A avenida Brigadeiro Faria Lima tem, em cada sentido, quatro faixas no trecho onde cruza com a avenida Juscelino Kubistchek. Nos domingos frios pela manhã é muito parecida com o resto da cidade; um imenso espaço asfaltado aberto com suas faixas brancas contrastantes pintadas sobre o cinza petróleo claro marcando o vazio. O canteiro central tem vegetação discreta e baixa. Há no entorno grandes edifícios que não chegam a desviar a atenção, nem gerar uma luminosidade especial ou peculiar, criando problemas para eventuais motoristas que naquele frio, hora e dia passe por lá.
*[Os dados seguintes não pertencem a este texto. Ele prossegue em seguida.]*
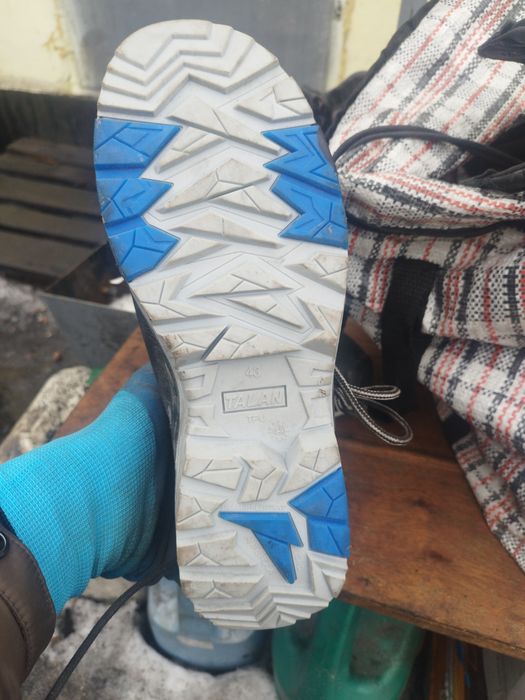 Обувь мужская берцы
Na própria avenida Faria Lima, um pouco à frente, há à direita um posto de gasolina com loja de conveniência 24 horas, vizinhos de um McDonalds, ambos com grande recuo, o que amplia o espaço aberto da avenida, a visão do caminho correto, as interferências que possam ocorrer. As marcações de segurança, sinalização horizontal e vertical, são claras, inconfundíveis. Um pouco mais a frente há um semáforo que bem sinaliza a rua Leopoldo Couto Magalhães e sua faixa de pedestre perfeitamente pintada. Não há qualquer outra interferência para quem sai do cruzamento da avenida Juscelino Kubistchek e segue no sentido da Leopoldo Couto Magalhães.

Na manhã deserta e silenciosa, ao abrir o sinal da Juscelino, um único carro parte em direção a Leopoldo Couto Magalhães e começa a acelerar forte. O grito do motor destoa, chama a atenção dos dois funcionários do posto de gasolina e McDonalds que conversavam. Mas eles trabalham lá há tempo, e bem sabem que o semáforo da Leopoldo estará fechado, e por isto voltam o olhar do carro para o caminho por onde ele irá passar.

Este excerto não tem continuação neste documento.